Almost immediatly after I posted my last blog about my sweet friend Jess, I had my world rocked. The very foundation completely shaken. I mentioned in it that I had been needing some fresh air and when I left her I felt a million times better. Well, I guess it was too little too late. Because the boy that I was trying to be stronger for, walked out. Without warning.
Im not here to write about how hurt I am and how mad I am and the million other things that could be mean and nasty. Im here to say that I am kind of a million percent proud of the person I am. Because I am fearfully and wonderfully made. It has always been so easy for me to question if I am “worth it” to people. With the boy and especially with friends. Especially after I go through something devastating. And I have been through many devastating moments in my life. But guess what, I am worth it. I know that. I know that because God is good and He loves me more than any boy on this earth can love me. He is faithful. He will never tell me He is too busy for me anymore. He will never check out on me without warning.
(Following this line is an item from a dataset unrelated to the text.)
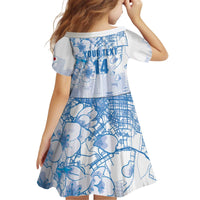 Custom Japan Football Kid Short Sleeve Dress Go Samurai Blue Sakura Tokyo Style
In Song of Soloman it says “You are altogether beautiful, my love; there is no flaw in you”. How could I ever think that Im not good enough when He tells my I am beautiful and calls me His love. How can any girl ever struggle with this.
The Lord knows my heart. He knows my past. He knows my future. He knows I am special and that I will need a special person in my life. And I trust in Him that he is taking this time to prepare me and my future love for each other. He has knocked me down so that He could remind me where my heart needs to be. On Him. And through this faithful week, He has shown me in a million ways that He will take care of me.
He answers prayers. He hears our cries. And He is so faithful. Within this one week He has shown me every single one of these things time and time again.
I dont have a picture for you tonight. But I will tell you that through this past week, I wouldnt have made it as gracefully (and trust me, I hardly made it through gracefully) through had I not picked up my camera. That gives me some hope for the future.